接写でタイムラプス3D動画 −②実体顕微鏡+コリメート方式 の実験−

 先日は、タイムラプス3D動画を接写で撮る方法の机上検討を行い、「実体顕微鏡+コリメート 方式」と「スライド絞り方式」の2つを考案しました。

moku2camera.hatenablog.com 今回は、上記2案の1つ目「実体顕微鏡+コリメート 方式」を試す実験です。実験はなるべく簡単にしたいので、スマホカメラを実体顕微鏡の接眼レンズに手持ちで覗かせて撮影する、というやり方にしました。用いる実体顕微鏡は昨年購入したカートン製の中古品です。

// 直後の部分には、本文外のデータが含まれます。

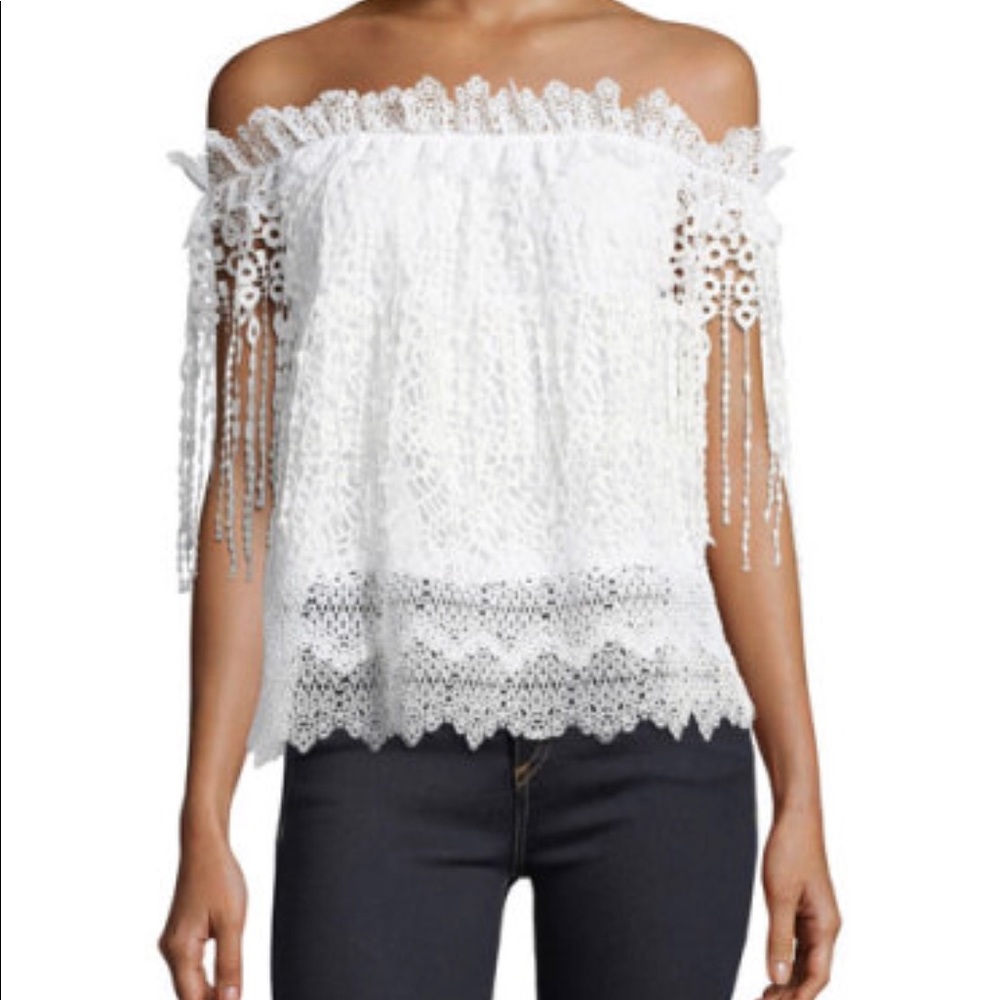 Elie Tahari Off-the-Shoulder Lace Blouse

moku2camera.hatenablog.com 次の写真1〜3が撮影結果です(いずれも平行法)。

▼続き(クリックで表示)

 

写真1 キーホルダーに付いていたオープンカー(横幅約12mm)。倍率は10倍(対物レンズ1倍、接眼レンズ10倍)、実視野の直径は23mm。

 

写真2 ラズベリーパイのプリント基板。倍率と実視野は写真1に同じ。

 

写真3 ラズベリーパイのプリント基板。倍率は20倍(対物レンズ2倍、接眼レンズ10倍、実視野の直径は11.5mm)。

 

  いかがですか。これらの写真を両眼で見ると、私には明瞭に立体視できました。それは良かったのですが、立体感がかなり強く、奥行きが実際よりも倍くらい強調されるように感じました。そこで、改めて同じ実体顕微鏡を用いて肉眼で観察したところ、こちらは立体感は強くも弱くもなく、自然な見え方をするように感じました。念のために、この実体顕微鏡の対物レンズまわり等の寸法を実測して内向角を求めると、11°となり、内向角の一般的とされる値12°とほぼ一致しました。

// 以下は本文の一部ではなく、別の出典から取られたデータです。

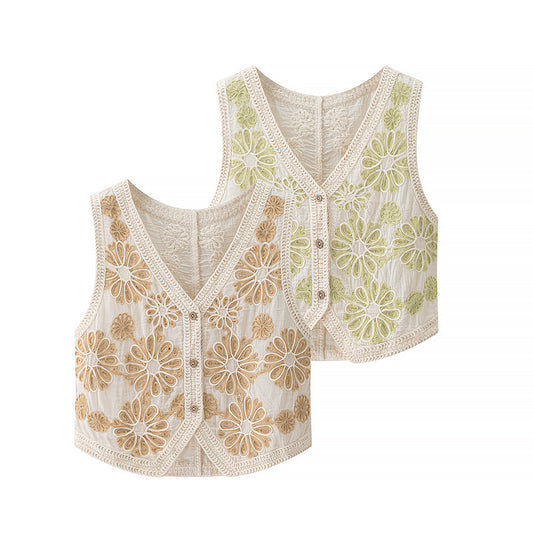 Retro Younger Fashion Loose Crocheted Vest Women's Summer V-neck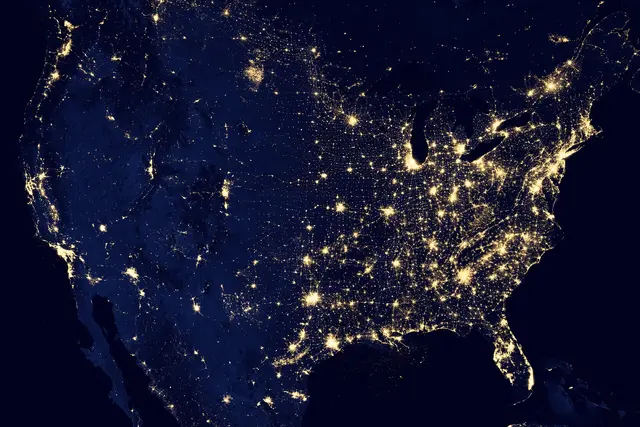 Vista de Norteamérica, Estados Unidos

 いっぽう、「シーソー方式」に関連して以前にご紹介した文献

(1)岩井 邦中, 1981 : 雪の結晶の顕微鏡立体写真を撮影する簡単な方法, 天気, 28, 37-40.

https://www.metsoc.jp/tenki/pdf/1981/1981_06_0377.pdf

(2)塚越 哲, 2021 : 微小標本のステレオ写真の作り方 −オストラコーダを例に−, 自然史しずおか 第75号, 7-8.

http://www.spmnh.jp/news/news75/N75cet.pdf

には、ステレオ写真のために試料(被写体)を傾ける角度が記されています。その値は、文献(1)では6.4° 、文献(2)では(±2.5°=)5° です。立体視の意味で、シーソー方式の試料傾け角度は、実体顕微鏡の内向角に相当します。ということは(肉眼での直接観察は別として)ステレオ写真の撮影には、5°ないし6.4°程度が内向角の適正値なのかも知れません。

今回の検討のまとめ:

・実体顕微鏡とスマホカメラの組み合わせで、明瞭に立体視できるステレオ写真が撮れた。

・そのステレオ写真は、実際よりも立体感が強調されているように感じた。

・自然な立体感を得るための内向角としては、実体顕微鏡の11〜12°よりも、5〜6.4°程度の方が適切かも知れない。